Ce jour était réservé aux exposés de durée plus brève, 20 ou 40 minutes. Les sujets étaient très variés. Certains ont fait la démo du module qu'ils avaient écrit, d'autres ont expliqué des méthodes originales de programmation, comme celle qui consiste à utiliser à la fois Perl/Tk et curses (ce qui permet, entre autres, de débugguer un programme curses en affichant la trace dans une fenêtre Perl/Tk). Un dernier a exposé comment, à l'aide de Perl, il a pu distancer ses rivaux dans un jeu en ligne sur Internet (à titre de conclusion, il a raconté comment cet exploit lui a permis de participer au projet CPANTS lancé à YAPC-Europe en 2001, et comment en contre-coup il a trouvé une compagne dans la communauté Perl ; comme quoi Perl peut vous aider pour votre vie sentimentale).
En début d'après-midi, certains membres du groupe londonien se sont présentés avec sombreros, nachos, Tequila et comprimés d'Alka-Seltzer. Ils avaient décidé de jouer au "jeu du rafraîchissement" (drinking game). Ce jeu consiste à choisir un mot plutôt rare (dans leur cas, siesta) au début d'une conversation ou d'un exposé, puis à suivre attentivement l'exposé ou la conversation et à boire une gorgée d'une boisson alcoolisée (dans leur cas, de la Tequila) chaque fois que quelqu'un prononce le mot choisi. L'exposé en question, présenté par un membre de London.pm, avait pour sujet la gestion de listes de courrier au moyen de trois programmes appelés Mariachi, Nacho et... Siesta !

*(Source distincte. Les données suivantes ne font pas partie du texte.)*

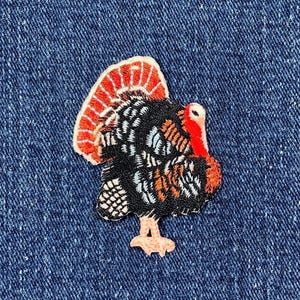 May include: A colorful turkey patch with a detailed design. The patch features a black body with white, orange, and blue accents, a red wattle, and a vibrant red and orange tail. The patch is set against a blue denim background.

Cette journée a été marquée par un léger incident. Pour la conférence, nous avons installé quelques bornes Wifi, ce qui permet aux personnes équipées de pouvoir accéder à Internet pendant les exposés. D'autre part, le hall comportait un routeur pour founir l'accès à ceux qui étaient équipés d'un ordinateur portable mais pas d'une carte Wifi. Les uns racontent la conférence à ceux qui sont restés "là-bas", les autres passent la totalité des exposés à surfer sur le web ou à lire leur courrier (on se demande bien pourquoi ils viennent). Le réseau était dimensionné pour ces activités somme toute légères : web, courrier, IRC ; pas question de faire du téléchargement. Revenons à l'incident. Si les humains se sont bien comportés et n'ont pas surchargé le réseau, ce n'est pas le cas des machines. Une quinzaine d'entre elles fonctionnaient sous un système d'exploitation dont je tairai le nom (si des rôlistes ou des habitués de LinuxFR lisent ces lignes, sachez que le nom abrégé de ce monstre pourrait se traduire par "gagner des points d'expérience"). En fin de matinée, ces quelques machines ont appris qu'une mise à jour du système d'exploitation était disponible sur Internet et elles se sont mises à la télécharger... ce qui a mis le réseau à genoux.
Après le dernier exposé de la journée, nous nous sommes rendus à la librairie Le Monde en Tique, où se réunissaient les auteurs de livre présents à la conférence, pour une séance de dédicace. Il y avait là : Dave Cross, Jarkko Hietaniemi, Stas Bekman, Eric Cholet, Yevgeny Menaker et Leopold Tötsch. À l'issue de cette séance, nous sommes allés dans un restaurant du boulevard Saint-Germain, car c'est là que se tenait le Speakers' dinner, traditionnellement offert aux conférenciers. Le restaurateur avait prévu de nous réserver son restaurant en entier, il fut bien inspiré : pas moins de 70 participants à la conférence (organisateurs, "speakers" et conférenciers) soit un tiers du total.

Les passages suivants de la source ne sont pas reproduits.